From the Field
Oil prices dip further
LONDON, November 29, 2017 – Crude prices were on the backfoot again on Wednesday, extending this week’s losses amid speculation weekly supply data due later in the day will show a surprise increase in U.S. crude inventories.
The U.S. Energy Information Administration will release its official weekly oil supplies report for the week ended Nov. 24 at 10:30AM ET (1530GMT).
After markets closed Tuesday, the American Petroleum Institute said that U.S. oil inventories rose by 1.8 million barrels last week. That compared with analysts’ expectations for a decline of around 3.1 million barrels.
The API report also showed a drop of 1.5 million barrels in gasoline stocks, while distillate stocks increased by 2.7 million barrels.
There are often sharp divergences between the API estimates and the official figures from EIA.
Mounting uncertainty over a possible extension of output cuts by major crude producers further dampened sentiment.
U.S. West Texas Intermediate (WTI) crude futures lost 23 cents, or about 0.4%, to $57.76 a barrel by 3:30AM ET (0830GMT). It lost 0.2% a day earlier.
Meanwhile, Brent crude futures, the benchmark for oil prices outside the U.S., shed 29 cents, or 0.5%, to $62.95 a barrel.
Oil prices extended their decline into a second session on Tuesday as doubts over an extension to a production-cut deal at Thursday’s OPEC meeting weighed.
Oil ministers from the Organization of Petroleum Exporting Countries and other major producing countries will meet in Vienna on Thursday to decide whether to extend their current production agreement beyond a March 2018 deadline.
Most market analysts expect the oil cartel to extend output cuts for a further nine months until the end of next year, but the terms were so far unclear, as Russia has sent mixed signals about whether it will back the move.

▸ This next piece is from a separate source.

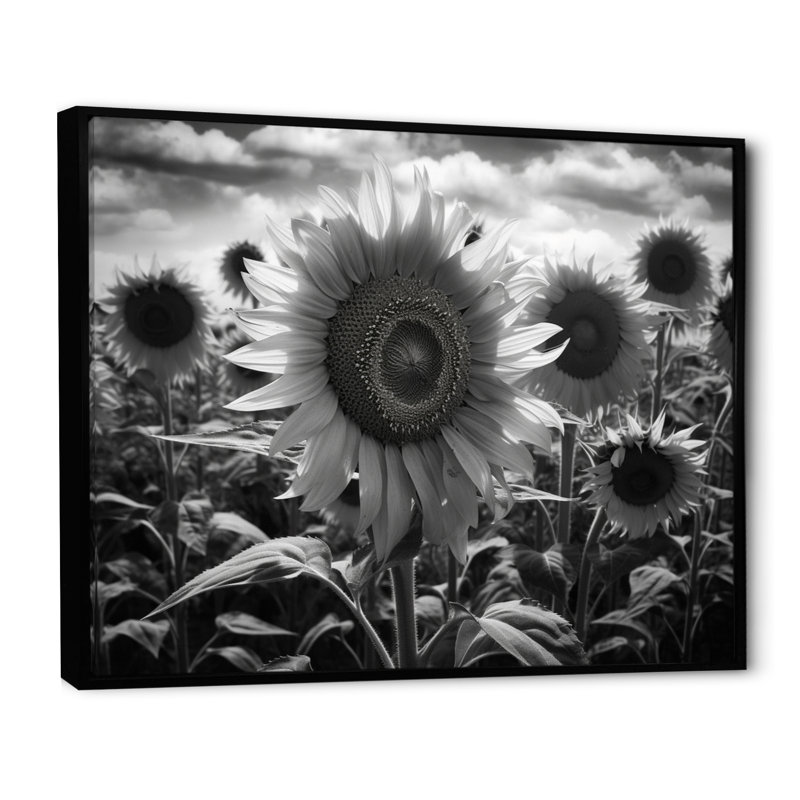 Tournesol noir et blanc I, H 24 po x l 32 po x P 1 po, Cadre flottant noir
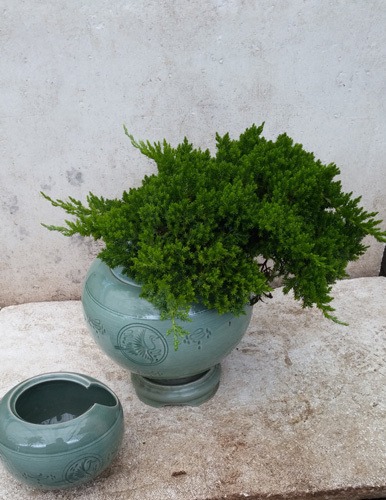 7��23��(�ߺ�)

In November last year, OPEC and 11 other non-OPEC producers, led by Russia, agreed to cut output by about 1.8 million barrels per day between January 1 and June 30. The agreement was extended in May of this year for a period of nine months until March 2018 in a bid to reduce global oil inventories and support oil prices.
The OPEC-led production cuts have been one of the key catalyst supporting the recent rally in oil prices amid expectations that rebalancing in oil markets are well underway.
However, fears that rising U.S. output would dampen OPEC’s efforts to rid the market of excess supplies are prevented prices from rising much further, according to market participants.
In other energy trading, gasoline futures dipped half a cent, or 0.3%, to $1.758 a gallon, while heating oil declined 0.7 cents to $1.945 a gallon.
Natural gas futures rallied 5.3 cents, or 1.7%, to $3.180 per million British thermal units, as updated weather forecasting models showed a return to cold winter weather.